I agree that the $L_2$ norm is off the table, because it creates a nonconvex quadratic constraint. Unfortunately, given the base model (and in particular the choice of binary variables), I'm not sure it would be practical to use the $L_1$ norm either.
The problem with $L_1$ lies in the absolute values, which need to be linearized. There are essentially three ways to handle $\vert u - v\vert$ in a MIP model. The first is easy: if you know that $u > v$, the absolute value is $u-v$, and otherwise it is $v-u$. The problem here is that you don't reliably know the signs of the coordinate differences between modules. For instance, if $x_{ij} = 0 = y_{ij}$, you know that $j$ is to the right of $i$, but you don't know if it is above/alongside/below $i$. The second linearization technique is to use an auxiliary variable $w$ with the constraints $w\ge u - v$ and $w\ge v - u$, which implies $w\ge \vert u-v\vert$. This would be fine if your norm constraint were $\parallel \dots \parallel \le D$, but because it is a greater-than constraint, the model would be tempted to "lie" (e.g., $u=1$, $v=1$, $w=D > 1$). The third approach involves throwing in additional binary variables, one for each absolute value, along with additional defining constraints, which I think would be a huge headache to formulate and would result in a very large model.

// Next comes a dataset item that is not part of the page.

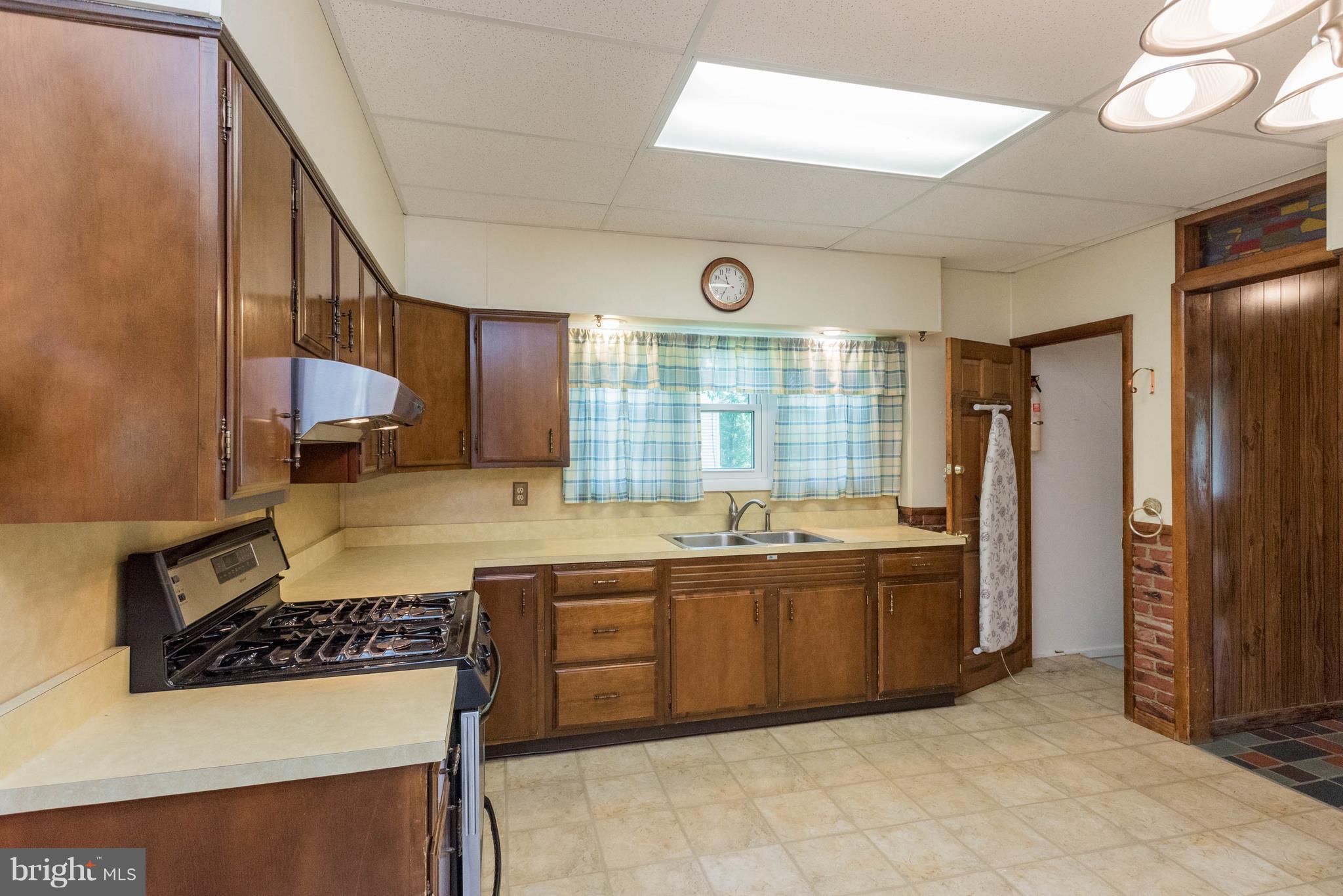 1404 Providence Road Baltimore, MD 21286 - Photo 9 of 26 a large kitchen with stainless steel appliances granite countertop a stove and a sink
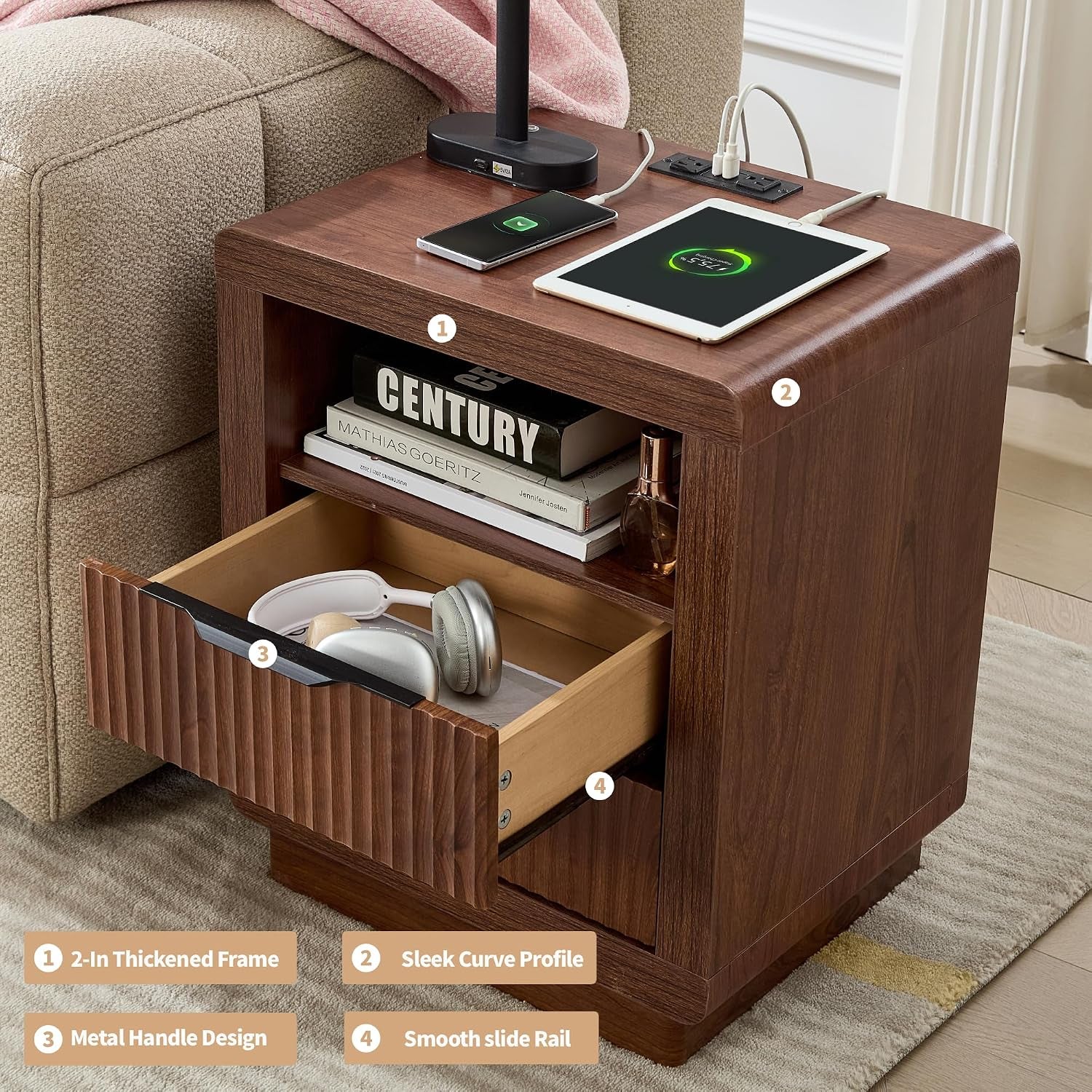 Top-down angle showing charging station on tabletop and an open drawer with headphones inside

A more tractable approach might be to use the $L_\infty$ norm (known in some circles as the "sup" norm). For each pair $i$, $j$ of modules, you need to consider all four possible combinations of $x_{ij}$ and $y_{ij}$. I'll demonstrate one case (the one depicted in your diagram) and leave the others as an exercise for the reader. Suppose we have $x_{ij}=0=y_{ij}$, meaning $i$ is left of $j$, as in the diagram. There are four combinations of a red block from $i$ and a red block from $j$. A sufficient condition that all four are separated by at least $D$ in the $L_\infty$ norm is that the left edge of $j$ is at least $D$ units to the right of the right edge of $i$. Note that this condition is sufficient but not necessary, since $j$ could be closer to $i$ horizontally but, if we slid $j$ up or down enough, further than $D$ from $i$ in the sup norm. To enforce the sufficient condition, we add the constraint $$x_j - (x_i + w_i) \ge D(1-x_{ij}-y_{ij}).$$
Because the approach is "conservative", this might be too wasteful of space, but it is easy to add to the existing model.

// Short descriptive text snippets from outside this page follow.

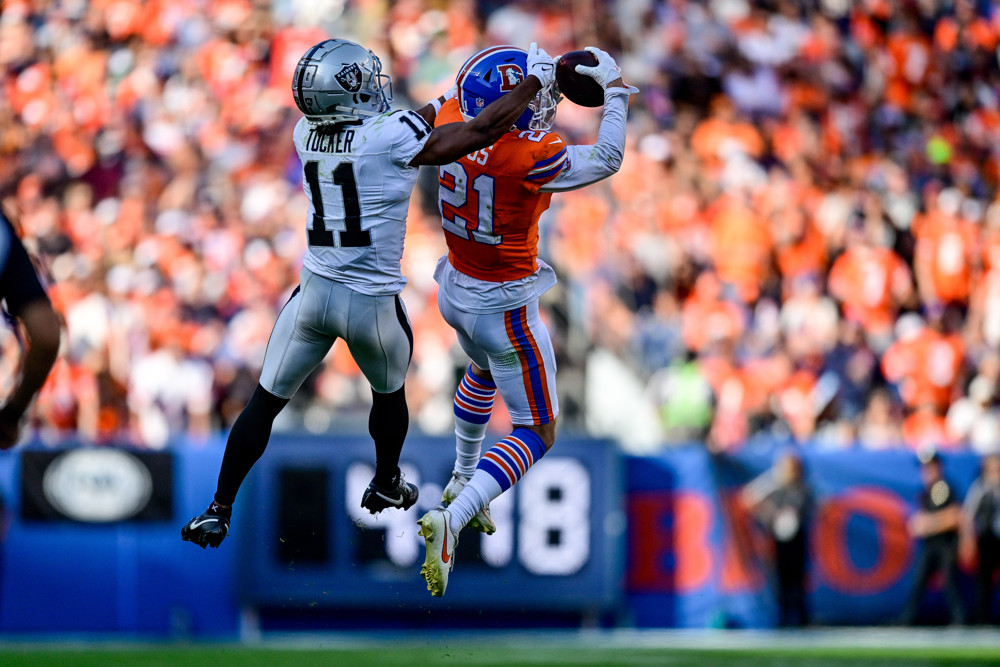 Denver Broncos cornerback Riley Moss (21) intercepts a pass intended for Las Vegas Raiders wide receiver Tre Tucker (11) in the fourth quarter during a game between the Las Vegas Raiders and the Denver Broncos at Empower Field at Mile High on October 6, 2024 in Denver, Colorado.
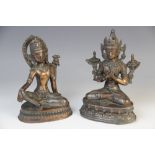 Two Indian copper Bodhisattva, each modelled seated on a lotus crown base, 16.5cm and 18cm high (2)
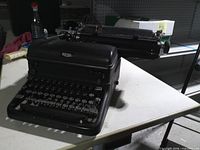 Front and side view of Royal manual typewriter on table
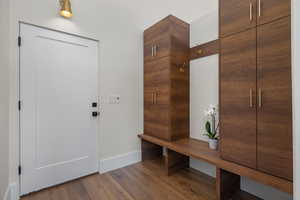 Mudroom with baseboards and wood finished floors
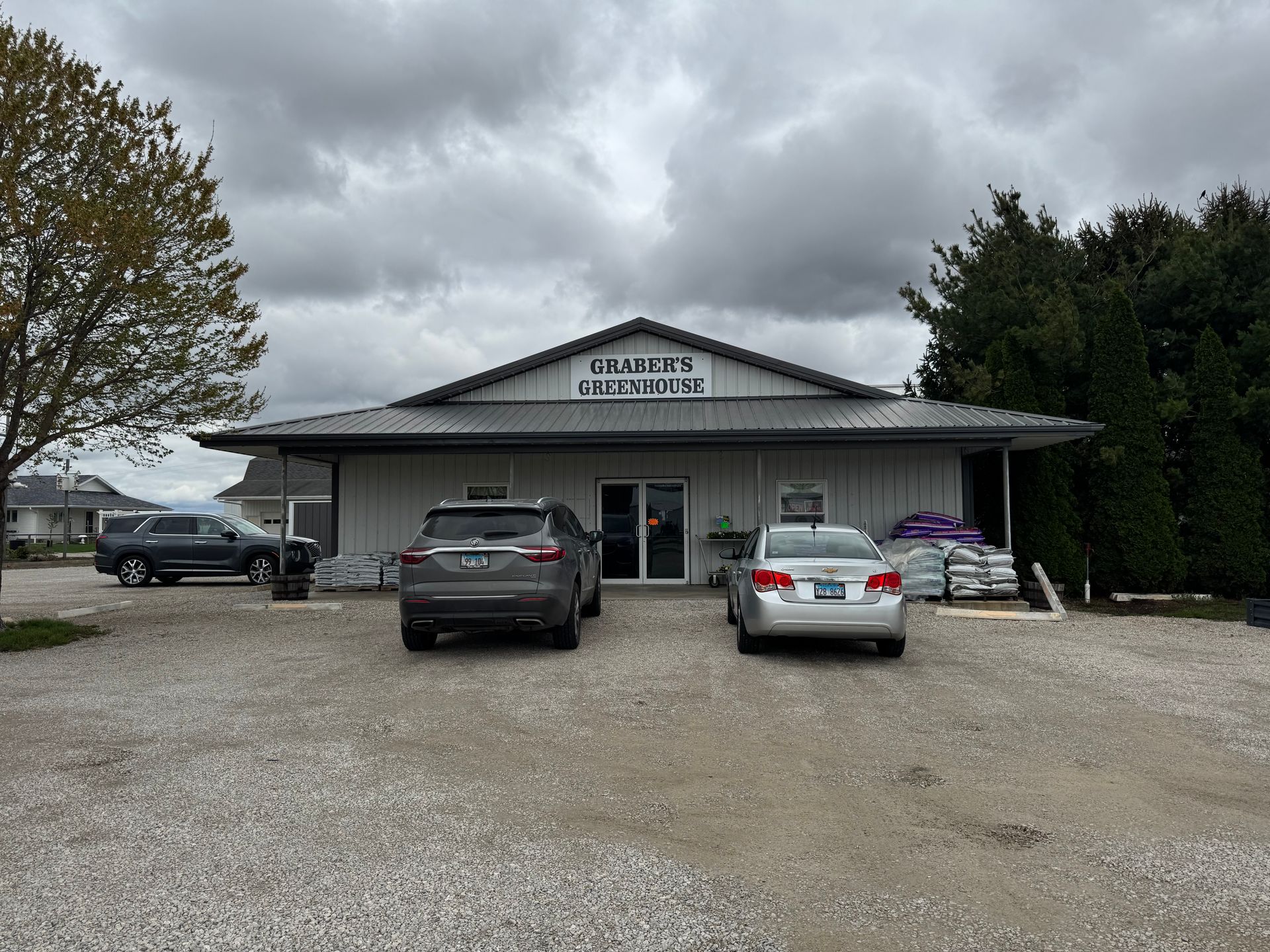 Two cars are parked in front of a building on a cloudy day.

I should note that I am assuming all modules have the same layout (blocks 2 and 4 red, 1 and 3 not). If, for instance, module $i$ was as depicted but module $j$ had only blocks 1 and/or 4 red, the left side of the constraint above would become $$\left( x_j + \frac{w_j}{2}\right) - \left( x_i + w_i \right).$$
Update: Sticking to the $L_\infty$ norm, I think there is a way to reduce wasted space (but not eliminate it entirely), at a cost in computational complexity. Whether the trade-off is worthwhile is, to me, an empirical question.
The approach is as follows. First, in addition to continuous variables for the coordinates of the lower left corner of each module, add continuous variables for the lower left corner of each red block, along with linear equations defining the block corners in terms of the module corners. This much is "cheap".

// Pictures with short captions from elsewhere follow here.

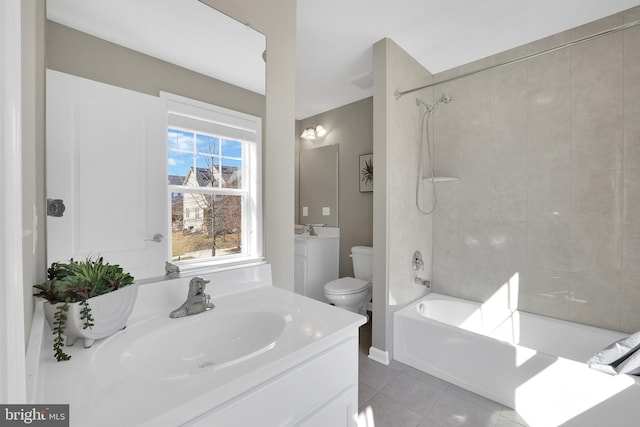 bathroom featuring tile patterned flooring, toilet, vanity, and bathtub / shower combination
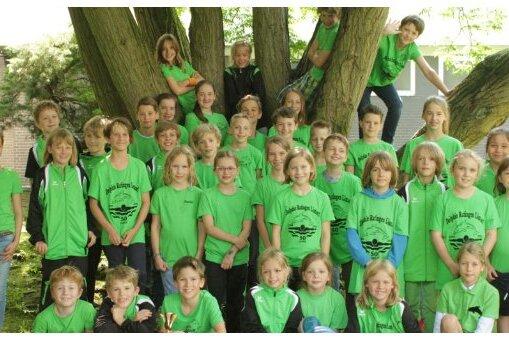 Gruppe von Kindern in grünen T-Shirts posiert unter einem Baum, einige sitzen, andere stehen und einige klettern.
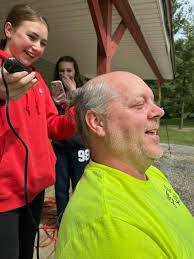 Fundraiser for kids activities at the lake with hair shaving event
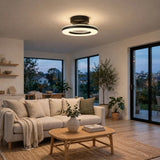 A modern ceiling light fixture with a black circular frame and a glowing white ring, mounted on the ceiling of a contemporary living room with a beige sofa, wooden coffee table, and large windows.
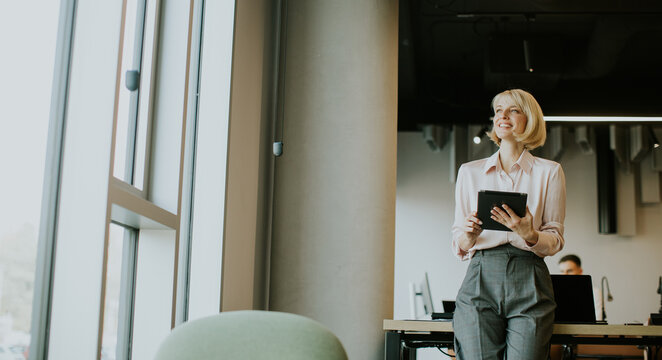 Businesswoman smiling while using tablet in modern office setting during daytime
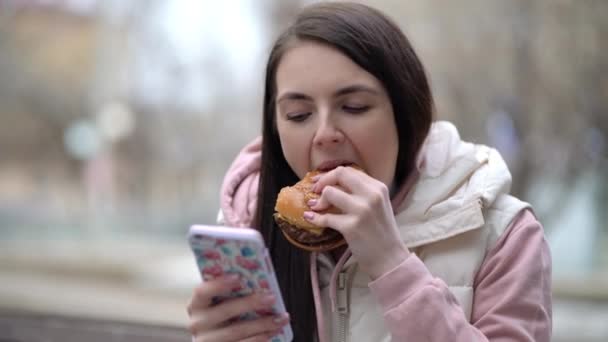 Счастливая женщина ест бургер и использует смартфон на улице - Кадры, видео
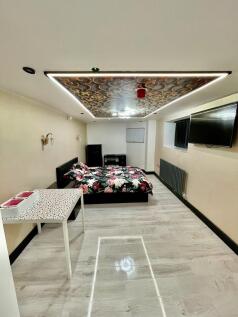 Spacious bedroom with double bed and wall TV...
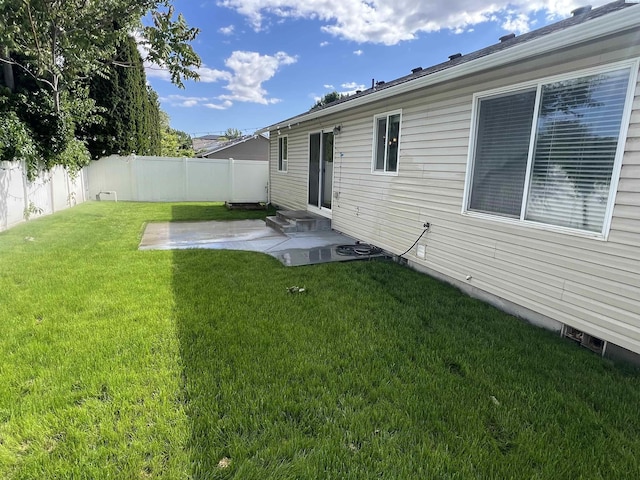 view of yard with a patio and entry steps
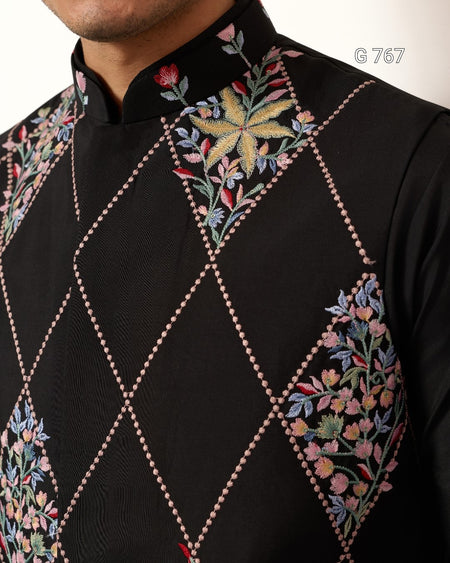 Black embroidered shirt with floral patterns on a white background
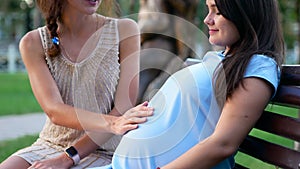 Woman touching pregnant friend`s belly close up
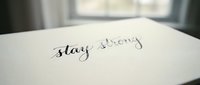 Stay strong written in cursive on white paper with window and blurred background, motivational quote for inspiration and encouragement.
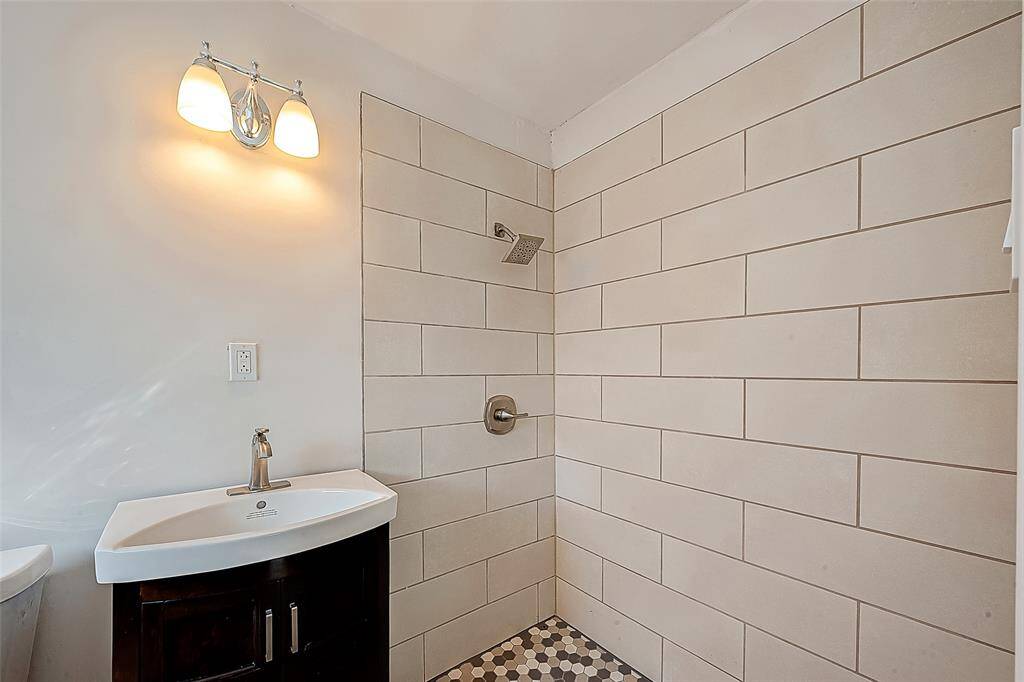 THE PRIMARY ENSUITE HAS BEEN COMPLETELY RENOVATED WITH SINK/VANITY, TILE SHOWER, UPDATED FAUCETS AND LIGHTING.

Next, redefine the binary variables to apply to individual red blocks, as well as modules. Since you are going from two binary variables per pair of modules to two per pair of blocks, and there are four times as many block pairs as module pairs, this will quintuple the number of binary variables, as well as the number of distance-related constraints. (The no-overlap constraints can still be enforced at the module level, so no change there.) If $D$ is large enough relative to the module dimensions, you may not need the original binary variables and the no-overlap constraints (because keeping red blocks more than $D$ apart would preclude module overlap), but my guess is you will need to keep the original binaries and their constraints.